Rather than continue trying to follow Adidas's genteel, Eurocentric, and slightly leisure-class-activity footsteps Nike began aggressively pushing their own everybody-can approach. (For better or worse considering their occasional forays into gangbagger fashions and sweatshop manufacturing, but also positively their active promotion of exercise as a universal *recreation.*)

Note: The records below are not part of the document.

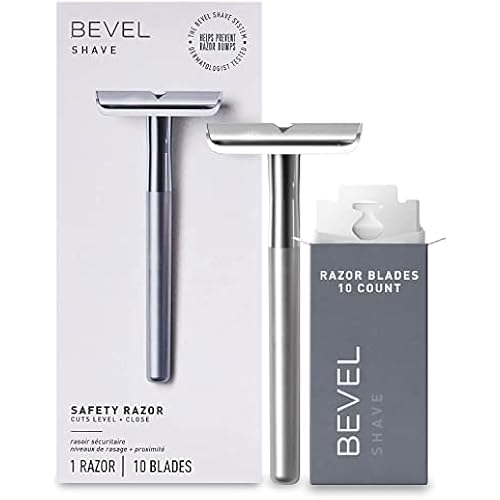Bevel Safety Razor with Brass Weighted Handle and 10 Double Edge Safety
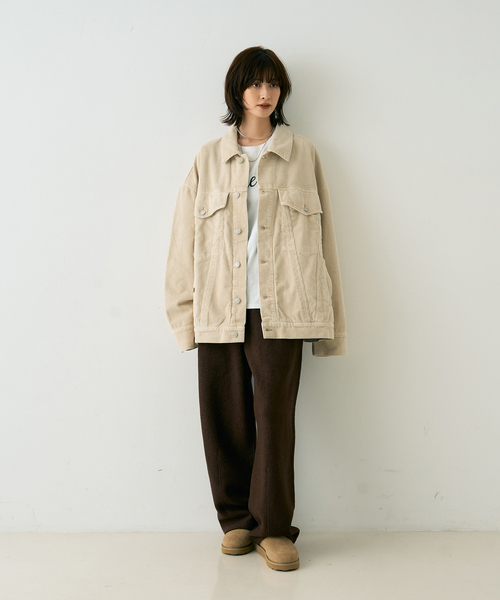 Rouge vif（ルージュ ヴィフ） パンツ ウール起毛ジャージーカーブ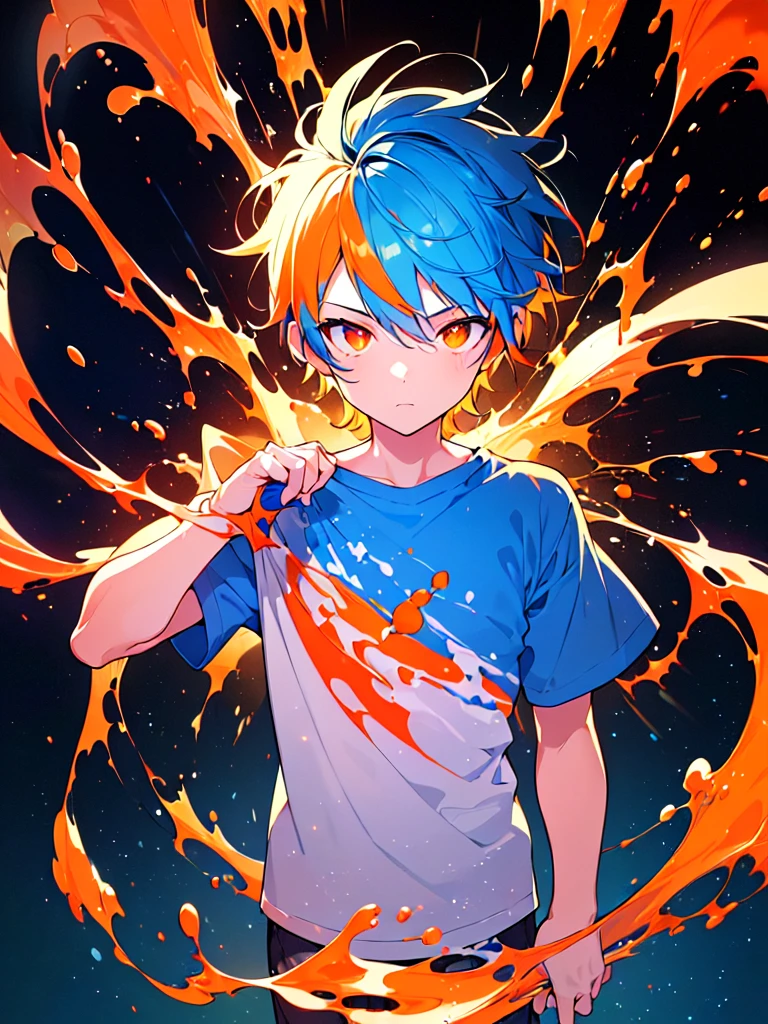 [(BLACK BACKGROUND:1.5),::5], ((((masterpiece)))), high quality, very_high_resolution, large_filesize, upper body, full color, ((younger boy)), 13 old year, short skyblue hair, vivid color, ((orange eye)), Summer clothes white, animestyle, (cola Splash effect:1.3)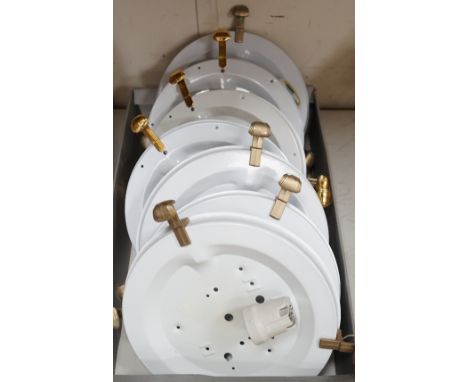 A set of six Murano glass ceiling shades and light fittings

And my point being that *if* Pensacola, or any other community, based their policy on what is and, especially, what policies *work* instead of what they *wish* was and what policies make them *feel* really good** there might wind up being far less overall harm. And a lot fewer silly prosecutions.***
I'm obviously not a lawyer, and the contingencies of bringing prosecution can necessarily resemble watching sausage being made. So there may be more to this case than meets the eye, even in Pensacola. This post, however, isn't about the merits of the particular case but about determining, acknowleging, and therefore establishing *actual* community standards so we can create more grounded-in-reality policies that match those standards.

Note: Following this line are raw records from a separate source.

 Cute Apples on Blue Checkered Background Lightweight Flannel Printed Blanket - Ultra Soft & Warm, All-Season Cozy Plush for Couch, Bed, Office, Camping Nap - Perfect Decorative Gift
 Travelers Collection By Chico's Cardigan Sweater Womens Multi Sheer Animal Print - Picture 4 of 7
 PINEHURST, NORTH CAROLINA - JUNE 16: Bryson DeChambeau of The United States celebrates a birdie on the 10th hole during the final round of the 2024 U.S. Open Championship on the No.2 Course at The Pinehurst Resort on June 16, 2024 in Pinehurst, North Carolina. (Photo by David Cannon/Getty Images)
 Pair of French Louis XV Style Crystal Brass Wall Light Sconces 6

[** Hmm, reactive policy as porn... sounds about right --fl]
[*** Evidently the pornographers in question "had to be" charged under racketeering statues because... um... the statute of limitations on what they'd actually *done* had expired. And what they're charged with actually doing was paying actors and models which in Florida is evidently considered misdemeanor prostitution. As is, evidently, hosting routine non-child porn. *Conspiring* to pay actors and models and then posting the results, on the other hand, is a felony with a longer statute of limitations and so... that's what they're being prosecuted for. --fl]



Wait, wait. It's legally worse to INTEND to do something than to ACTUALLY do something? Oh, Florida...*sigh*
[Yes. For instance it's evidently only a $100 fine to deface a picture of Smokey the Bear. On the other hand it's a pretty serious felony to *conspire* to do so. There's evidently extraordinarily compex calculus for bringing charges with everything from different standards of evidence to scaring the defendant into pleading guilty to lesser charges to avoid (primarily) the expense of a trial to prosecutors just being self-righteous egomaniacs to... of course... trying to taylor the best set of charges to match the actual crimes committed. Thanks, Nekobawt. --fl]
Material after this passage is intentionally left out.